Wednesday, February 18, 2009

The Song of Hiawatha


Today Tammy and I are looking at poems.

I've been thinking about "Hiawatha" by Henry Wadsworth Longfellow on and off for a while. My dad had to memorize some part of it in school, and I remember his quoting this stanza to us when we were kids:

By the shores of Gitche Gumee,
By the shining Big-Sea-Water,
Stood the wigwam of Nokomis,
Daughter of the Moon, Nokomis.
Dark behind it rose the forest,
Rose the black and gloomy pine-trees,
Rose the firs with cones upon them;
Bright before it beat the water,
Beat the clear and sunny water,
Beat the shining Big-Sea-Water.


Little did I know, this poem is something like 200 pages long! I would like to read the whole thing sometime. I began reading the first few pages and even when not heard aloud, I can feel how hypnotic it is. Here's a link to the the whole shebang:

From an Editor's Preface by Wallace Rice:

"HIAWATHA," rightly regarded as Henry Wadsworth Longfellow's greatest, most characteristic, and most original poem, has for Americans the marked merit of being entirely concerned with tales of the aboriginal inhabitants of the North American continent. It is, from beginning to end, a metrical version of legends originating with the Algonquin family of Indians, of which the Ojibways or Chippewas were the most prominent tribe. Yet Hiawatha himself was not of this family, but was an authentic historical person, neither a myth nor a demigod, who was a great chief among the Onondagas in the fifteenth century, not only the framer of a code of laws by which they were long bound but also the successful negotiator of the remarkable treaty by which the Five Nations, afterwards the Six Nations, were confederated; best known to us as the Iroquois.

...

"Hiawatha" was begun on June 25, 1854, and its 5,314 lines were concluded March 29, 1855; nine months later. Its meter, derived from that of the great Finnish epic, the Kalevala, consists of eight-syllabled lines, with stresses falling on the first, third, fifth and seventh syllables. Octosyllabic verse, whether trochaic, as here, or iambic, as in Scott's "Lays of the Last Minstrel," is by far the easiest of all measures to write; and the fact that "Hiawatha" is unrhymed made the American's task greatly easier than that of the Scotchman....

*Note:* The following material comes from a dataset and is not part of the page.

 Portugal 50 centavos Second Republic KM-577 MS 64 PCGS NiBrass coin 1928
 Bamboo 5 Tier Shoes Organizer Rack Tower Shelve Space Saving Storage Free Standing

Yet there can be no doubt of the suitability of the measure to the subject matter here, as in the Kalevala. It is just the sing-song that would be used by a teller of tales about the campfire, with each verse about the duration of a breath, lacking in rhyme so that little particularity in memorization is demanded of the narrator, repetitive so that he can go back from time to time and collect his thoughts, and so easy of composition that a line may be made up on the spot to replace one lost to the mind. It would be no serious task to anybody to he compelled to speak in these octosyllabics for a day, or even a week, as a slight test will prove.

It is an excellent rule in literary composition to use the commonplace as the vehicle for the conveyance of unusual thoughts and a foreign atmosphere. In this, Longfellow's instinct was far surer than that of the critics who considered his work adversely at the time of its publication, on November 10, 1855. The mere fact that "Hiawatha" was so readily memorized-and that lapses in memory could be so easily covered up-brought it into a favor which it could never have attained were it rhymed, or were its measure that of English heroic verse. Its fluent vehicle bore successfully the burden of the feelings, the habits, the ideas of the American savage, all strange and exotic to English ears. It has done more than all the writings in the world combined to give the Caucasian mind an understanding of and sympathy with that of the North American Indian.